400 Lux
Clouds forming cosmic rats—patchouli
were the first and last words I wrote in my physics notebook
in a stale lecture hall,
flooded with fluorescents too dim
for anything to grow on its own.
The off-color lecture preached
to justify the corpses we’ve unknowingly counted.
It’s not our fault.
We believed regardless of common sense—
regardless of the irony—
We were already rooted in our doomsday bunker.
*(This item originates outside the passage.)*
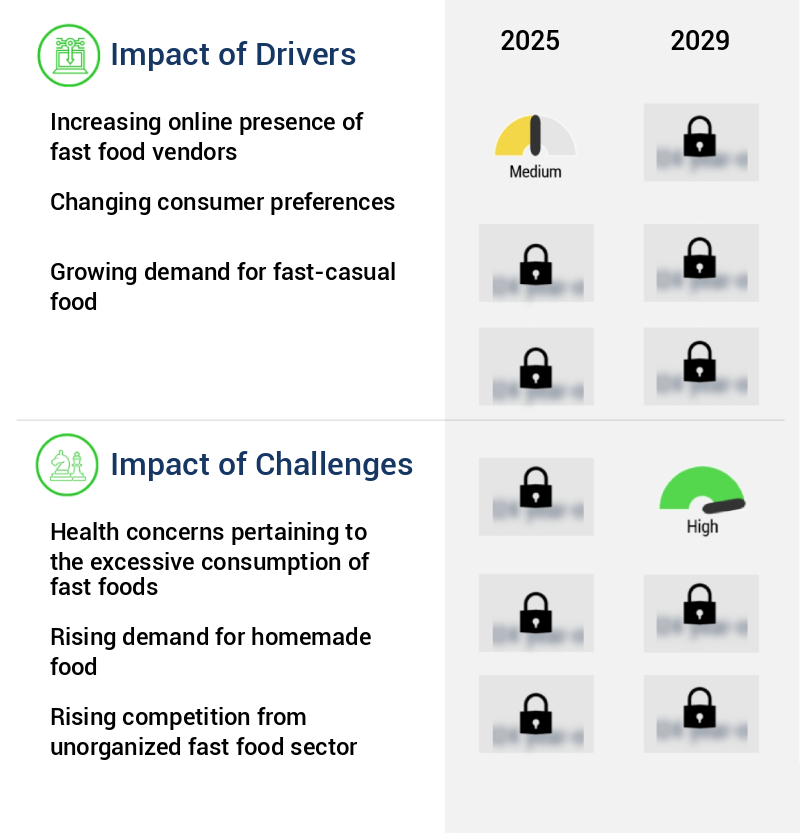 Fast Food Market Size
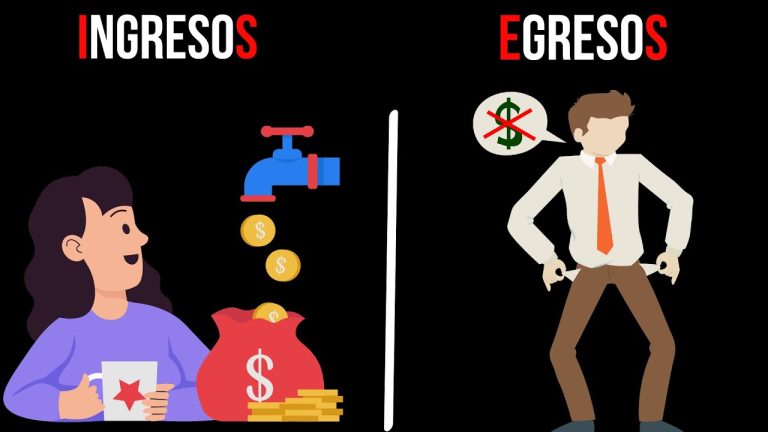 Todo lo que necesitas saber sobre egresos e ingresos: trámites y formularios en Perú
My cramped and potted pothos still continues to grow thick vines
along my poorly sun-lit windowsill
despite my apathy to transplant it
from the thin plastic container that came from the Big-Y floral department
after finally bringing it home from the hospital
along with my father who came close to dying from colon cancer,
though really it wasn’t the cancer
that would have killed him.
The absence of sun
helped me to appreciate mornings not
dictated by artificial air encased in concrete walls.
I sip my loose-leaf tea
perched on the cool cement front stoop
until it gets cold and I will remember I am not a
morning person.
My appreciation is still wedged between the drooping leaves and the dew,
the same dirge written everyday by the morning air.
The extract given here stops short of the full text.